I Hadn't Understood

Diego de Silva gleefully serves up a book-length comic monologue in I Hadn't Understood. The self-deluded confession of Vincenzo Malinconico is the whole show, and what a show it is. Trying to understand what's really happening in his life, the 42-year-old Neapolitan lawyer comes up with a variety of theories that he tests one by one, so that every perception goes through a legalistic sifting of the facts--but one that's constantly bubbling with wit.

Vincenzo's wife has left him for an architect. His dream woman is eagerly pursuing him. He's been assigned to defend a mafioso suspected of butchering and disposing of murder victims in the back yard. Meanwhile, his 16-year-old son is so committed to studying teenage gangs and violence that he keeps getting beaten up. His daughter joins Vincenzo for meetings at Burger King. His longing for his wife, fears about his reckless son and fumbling conversations with his daughter combine to make Vincenzo a heartwarming, endearing bungler, countering the tightening web of personal and professional problems to build up suspense subtly.

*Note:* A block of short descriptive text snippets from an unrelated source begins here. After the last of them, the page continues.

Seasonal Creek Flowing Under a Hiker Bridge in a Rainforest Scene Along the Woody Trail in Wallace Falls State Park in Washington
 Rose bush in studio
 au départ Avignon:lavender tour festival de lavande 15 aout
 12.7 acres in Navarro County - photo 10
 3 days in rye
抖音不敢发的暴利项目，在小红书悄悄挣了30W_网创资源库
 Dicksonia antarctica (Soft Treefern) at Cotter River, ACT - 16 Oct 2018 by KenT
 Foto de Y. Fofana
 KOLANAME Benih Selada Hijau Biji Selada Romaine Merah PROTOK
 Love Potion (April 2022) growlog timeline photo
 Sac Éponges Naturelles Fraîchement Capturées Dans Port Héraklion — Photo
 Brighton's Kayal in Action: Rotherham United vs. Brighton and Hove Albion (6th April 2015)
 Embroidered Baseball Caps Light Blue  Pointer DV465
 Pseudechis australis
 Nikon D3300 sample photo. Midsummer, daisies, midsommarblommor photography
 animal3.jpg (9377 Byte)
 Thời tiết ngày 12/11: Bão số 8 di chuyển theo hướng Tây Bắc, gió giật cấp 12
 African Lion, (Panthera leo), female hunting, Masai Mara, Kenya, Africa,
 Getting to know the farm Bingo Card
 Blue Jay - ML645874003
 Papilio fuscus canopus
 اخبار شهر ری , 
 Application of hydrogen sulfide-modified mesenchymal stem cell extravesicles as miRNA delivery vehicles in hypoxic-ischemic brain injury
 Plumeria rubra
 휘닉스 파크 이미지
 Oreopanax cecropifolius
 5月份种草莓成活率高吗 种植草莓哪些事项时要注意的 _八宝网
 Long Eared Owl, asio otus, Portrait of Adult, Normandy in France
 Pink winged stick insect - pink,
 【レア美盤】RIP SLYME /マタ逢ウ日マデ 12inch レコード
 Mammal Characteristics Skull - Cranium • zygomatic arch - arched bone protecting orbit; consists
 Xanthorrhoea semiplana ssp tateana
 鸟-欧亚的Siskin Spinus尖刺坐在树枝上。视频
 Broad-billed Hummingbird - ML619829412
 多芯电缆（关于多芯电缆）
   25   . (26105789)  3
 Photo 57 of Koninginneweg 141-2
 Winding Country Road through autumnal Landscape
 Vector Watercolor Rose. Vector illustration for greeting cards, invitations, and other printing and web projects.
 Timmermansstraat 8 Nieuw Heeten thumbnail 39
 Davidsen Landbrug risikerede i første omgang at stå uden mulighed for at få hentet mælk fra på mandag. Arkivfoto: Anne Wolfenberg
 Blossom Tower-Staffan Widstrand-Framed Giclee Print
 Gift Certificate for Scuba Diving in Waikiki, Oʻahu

Vincenzo's freewheeling narration is savagely witty, frequently wise; he's easily worked up, often irrational and constantly putting his foot in his mouth. As he gropes his way through life's detours, trying to be an honest lawyer and a good father while sorting out his romantic complications, he may seem like the classic stereotype of the testosterone-driven Italian male as an emotional volcano. But Diego de Silva takes the stereotype and brings it to uninhibited, unrestrained --and endearing--literary life. --Nick DiMartino, Nick's Picks, University Book Store, Seattle, Wash.